Exercise requirements
Go through the data below and gather each line containing "Large".

(Stored entries)
****

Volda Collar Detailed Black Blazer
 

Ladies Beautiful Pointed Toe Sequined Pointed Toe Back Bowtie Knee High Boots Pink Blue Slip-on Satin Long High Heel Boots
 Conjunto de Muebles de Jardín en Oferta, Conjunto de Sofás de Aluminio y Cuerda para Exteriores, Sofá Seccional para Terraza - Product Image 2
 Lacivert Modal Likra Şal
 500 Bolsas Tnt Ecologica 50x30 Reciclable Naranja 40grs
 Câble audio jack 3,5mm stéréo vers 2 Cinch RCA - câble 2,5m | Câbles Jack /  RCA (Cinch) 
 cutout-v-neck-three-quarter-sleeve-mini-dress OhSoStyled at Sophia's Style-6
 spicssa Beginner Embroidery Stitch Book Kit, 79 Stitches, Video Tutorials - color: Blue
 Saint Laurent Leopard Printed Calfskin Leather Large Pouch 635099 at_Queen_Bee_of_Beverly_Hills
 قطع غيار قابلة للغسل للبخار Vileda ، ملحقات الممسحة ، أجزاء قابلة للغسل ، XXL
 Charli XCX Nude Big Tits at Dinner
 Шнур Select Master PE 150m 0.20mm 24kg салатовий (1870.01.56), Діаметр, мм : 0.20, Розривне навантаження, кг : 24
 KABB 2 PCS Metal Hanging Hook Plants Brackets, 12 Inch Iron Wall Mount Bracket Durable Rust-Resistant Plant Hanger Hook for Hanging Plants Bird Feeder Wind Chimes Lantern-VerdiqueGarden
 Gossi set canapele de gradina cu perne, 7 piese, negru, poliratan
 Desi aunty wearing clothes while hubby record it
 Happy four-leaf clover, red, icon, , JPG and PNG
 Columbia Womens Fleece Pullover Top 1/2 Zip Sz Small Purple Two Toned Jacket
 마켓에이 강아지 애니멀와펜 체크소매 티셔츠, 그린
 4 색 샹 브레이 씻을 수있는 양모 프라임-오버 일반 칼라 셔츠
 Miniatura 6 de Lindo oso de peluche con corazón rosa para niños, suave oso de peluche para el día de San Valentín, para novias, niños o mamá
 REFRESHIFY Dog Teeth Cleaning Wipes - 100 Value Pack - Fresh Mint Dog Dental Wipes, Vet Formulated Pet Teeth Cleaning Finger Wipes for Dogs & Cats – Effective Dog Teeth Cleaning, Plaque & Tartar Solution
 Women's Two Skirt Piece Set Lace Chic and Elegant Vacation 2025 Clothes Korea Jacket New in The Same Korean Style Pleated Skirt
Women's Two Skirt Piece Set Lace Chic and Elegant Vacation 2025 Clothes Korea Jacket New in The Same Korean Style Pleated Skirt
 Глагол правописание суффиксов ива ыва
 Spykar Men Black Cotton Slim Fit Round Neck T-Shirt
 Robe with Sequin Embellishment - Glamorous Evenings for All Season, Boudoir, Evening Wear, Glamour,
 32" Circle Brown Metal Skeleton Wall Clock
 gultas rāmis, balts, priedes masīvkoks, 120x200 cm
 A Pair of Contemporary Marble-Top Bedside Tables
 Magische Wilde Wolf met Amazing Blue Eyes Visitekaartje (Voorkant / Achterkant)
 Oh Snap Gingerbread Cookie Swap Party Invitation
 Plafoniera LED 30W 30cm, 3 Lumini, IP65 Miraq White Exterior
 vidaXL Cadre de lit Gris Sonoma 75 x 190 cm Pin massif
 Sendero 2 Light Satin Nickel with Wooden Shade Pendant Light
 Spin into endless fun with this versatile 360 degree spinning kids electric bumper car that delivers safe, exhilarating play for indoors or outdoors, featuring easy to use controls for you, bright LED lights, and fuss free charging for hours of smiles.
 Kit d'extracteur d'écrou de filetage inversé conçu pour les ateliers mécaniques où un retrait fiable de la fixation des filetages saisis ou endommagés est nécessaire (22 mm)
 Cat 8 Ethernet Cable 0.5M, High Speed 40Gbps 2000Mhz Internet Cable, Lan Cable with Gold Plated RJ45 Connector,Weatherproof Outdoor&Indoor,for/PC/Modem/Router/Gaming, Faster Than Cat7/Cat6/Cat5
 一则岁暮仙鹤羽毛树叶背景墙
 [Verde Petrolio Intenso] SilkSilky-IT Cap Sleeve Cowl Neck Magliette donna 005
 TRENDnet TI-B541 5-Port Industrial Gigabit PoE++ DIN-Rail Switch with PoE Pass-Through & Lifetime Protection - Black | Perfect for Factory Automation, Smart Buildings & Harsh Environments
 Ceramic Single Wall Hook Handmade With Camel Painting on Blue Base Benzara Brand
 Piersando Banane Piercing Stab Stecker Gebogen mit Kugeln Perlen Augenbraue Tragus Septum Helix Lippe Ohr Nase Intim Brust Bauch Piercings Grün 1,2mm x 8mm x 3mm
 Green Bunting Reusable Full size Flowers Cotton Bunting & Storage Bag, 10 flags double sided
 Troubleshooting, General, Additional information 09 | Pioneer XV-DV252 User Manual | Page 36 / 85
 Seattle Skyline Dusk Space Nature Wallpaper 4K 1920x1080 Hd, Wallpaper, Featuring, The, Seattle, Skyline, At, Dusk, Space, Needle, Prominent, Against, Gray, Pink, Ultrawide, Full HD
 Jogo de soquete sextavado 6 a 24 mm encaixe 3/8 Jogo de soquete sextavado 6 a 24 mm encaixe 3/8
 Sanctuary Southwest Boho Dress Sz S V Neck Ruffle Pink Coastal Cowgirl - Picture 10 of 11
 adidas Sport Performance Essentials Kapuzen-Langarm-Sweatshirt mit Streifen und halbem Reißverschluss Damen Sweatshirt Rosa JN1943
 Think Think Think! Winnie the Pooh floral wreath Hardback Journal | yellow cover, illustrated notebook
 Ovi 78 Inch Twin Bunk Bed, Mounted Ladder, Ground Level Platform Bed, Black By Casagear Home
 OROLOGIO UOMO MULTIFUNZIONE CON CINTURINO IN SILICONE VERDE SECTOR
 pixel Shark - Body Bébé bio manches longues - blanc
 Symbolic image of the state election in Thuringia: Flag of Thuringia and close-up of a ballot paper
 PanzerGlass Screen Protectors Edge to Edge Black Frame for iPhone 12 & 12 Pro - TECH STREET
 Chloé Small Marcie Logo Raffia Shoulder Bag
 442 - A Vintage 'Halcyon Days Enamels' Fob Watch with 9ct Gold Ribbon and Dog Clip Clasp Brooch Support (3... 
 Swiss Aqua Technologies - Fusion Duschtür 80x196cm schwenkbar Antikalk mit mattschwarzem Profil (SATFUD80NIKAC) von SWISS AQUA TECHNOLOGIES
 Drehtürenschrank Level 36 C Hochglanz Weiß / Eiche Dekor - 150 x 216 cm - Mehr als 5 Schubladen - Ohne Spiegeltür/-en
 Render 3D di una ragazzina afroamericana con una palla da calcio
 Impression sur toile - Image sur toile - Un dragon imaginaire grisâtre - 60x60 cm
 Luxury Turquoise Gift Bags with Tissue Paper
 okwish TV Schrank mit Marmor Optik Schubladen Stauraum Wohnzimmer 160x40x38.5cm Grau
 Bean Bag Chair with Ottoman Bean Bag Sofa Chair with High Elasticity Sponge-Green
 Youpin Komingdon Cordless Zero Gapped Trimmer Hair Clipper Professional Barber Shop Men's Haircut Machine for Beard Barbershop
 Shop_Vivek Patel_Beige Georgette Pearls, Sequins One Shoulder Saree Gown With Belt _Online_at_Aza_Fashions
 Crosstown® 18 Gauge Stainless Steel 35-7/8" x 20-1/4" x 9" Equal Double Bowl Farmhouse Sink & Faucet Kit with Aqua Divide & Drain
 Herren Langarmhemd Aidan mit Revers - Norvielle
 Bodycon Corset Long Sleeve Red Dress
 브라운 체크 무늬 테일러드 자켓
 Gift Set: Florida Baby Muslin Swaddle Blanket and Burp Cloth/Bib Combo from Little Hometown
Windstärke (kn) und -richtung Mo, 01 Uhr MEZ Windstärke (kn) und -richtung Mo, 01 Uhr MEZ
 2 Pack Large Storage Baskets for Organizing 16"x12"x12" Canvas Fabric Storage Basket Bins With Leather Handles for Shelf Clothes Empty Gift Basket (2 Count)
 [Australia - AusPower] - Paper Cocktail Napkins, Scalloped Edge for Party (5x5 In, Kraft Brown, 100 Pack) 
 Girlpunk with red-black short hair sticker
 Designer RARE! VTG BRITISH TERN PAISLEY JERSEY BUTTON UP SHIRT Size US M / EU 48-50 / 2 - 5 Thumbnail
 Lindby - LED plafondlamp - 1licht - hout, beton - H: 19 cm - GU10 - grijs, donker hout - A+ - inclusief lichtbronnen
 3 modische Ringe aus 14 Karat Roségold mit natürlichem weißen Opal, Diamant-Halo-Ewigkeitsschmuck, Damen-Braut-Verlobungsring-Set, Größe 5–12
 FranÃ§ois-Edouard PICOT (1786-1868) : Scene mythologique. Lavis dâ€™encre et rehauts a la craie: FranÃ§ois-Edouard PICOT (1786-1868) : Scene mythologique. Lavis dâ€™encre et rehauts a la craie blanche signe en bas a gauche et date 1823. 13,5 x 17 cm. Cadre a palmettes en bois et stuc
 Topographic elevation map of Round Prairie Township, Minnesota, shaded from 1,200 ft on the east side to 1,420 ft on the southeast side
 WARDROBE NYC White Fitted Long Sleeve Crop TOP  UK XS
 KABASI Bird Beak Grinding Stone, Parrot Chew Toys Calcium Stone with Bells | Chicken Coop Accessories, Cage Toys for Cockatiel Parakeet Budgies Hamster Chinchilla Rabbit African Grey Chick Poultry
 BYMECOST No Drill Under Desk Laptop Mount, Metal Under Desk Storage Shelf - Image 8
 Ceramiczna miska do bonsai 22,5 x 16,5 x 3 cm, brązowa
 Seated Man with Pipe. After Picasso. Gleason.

****

Reply to the task
 Saint Laurent Leopard Printed Calfskin Leather Large Pouch 635099 at_Queen_Bee_of_Beverly_Hills
 2 Pack Large Storage Baskets for Organizing 16"x12"x12" Canvas Fabric Storage Basket Bins With Leather Handles for Shelf Clothes Empty Gift Basket (2 Count)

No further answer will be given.